By now, it has come to be generally accepted that fibre-optic transmission is a practical method of transmitting video, audio and data signals for the following reasons:

* Radio frequency interference (RFI) and electromagnetic interference (EMI) are eliminated and protection from lightning and ground loops is gained.

* No signal radiation, optical fibre eliminates cross talk or electrical shorts.

* Fibre-optic transmission offers very high bandwidth that is ideal for moving large volumes of audio, video and data signals simultaneously.

* Fibre-optic cables are difficult to break into, making very secure communications possible.

* Optical fibre is lightweight and small.

* Installation flexibility: optical fibre offers flexible installation options relevant to electrical codes that need to be abided by.

* System upgrades and changes are easily accomplished: upgrading the channel-carrying capacity and type of signal is as easy as changing the fibre-optic transmitter and receiver on each end. No additional cables to be pulled.

But, as it was initially gaining acceptance, there was a downside. Ten years ago, optical fibre itself was more expensive. Plus, fibre termination was labour and cost intensive. And on top of that, the electronic equipment that converted the video or data signal so it could be passed over the optical cable was an additional cost to be considered.

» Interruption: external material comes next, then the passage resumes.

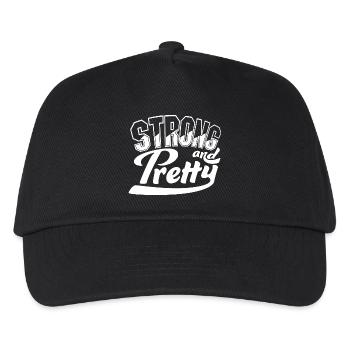 Strong And Pretty Lustiger Gym Fitness Spruch - Kinder Basecap - Schwarz - Vorne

Although, even when the extra costs were considered, the economics of larger security projects generally started swinging more and more of these projects toward fibre-optic transmission. When extended distances had to be covered, the inherent benefit of long distance signal transmission capabilities that fibre offered was clear to see.

But finding this break-even distance of when to use fibre versus coaxial was hard to predict. Now on to today. With prices of fibre and the transmission equipment becoming more competitive and fibre termination easier than ever, the break-even distances are becoming shorter, and, it used to be that anything over a kilometre required fibre. But now those distances have been reduced substantially.

Flexibility and growth

And two more important elements have been added to the equation that can really direct the value toward fibre-optic transmission. Those elements are system life span and flexibility for system growth.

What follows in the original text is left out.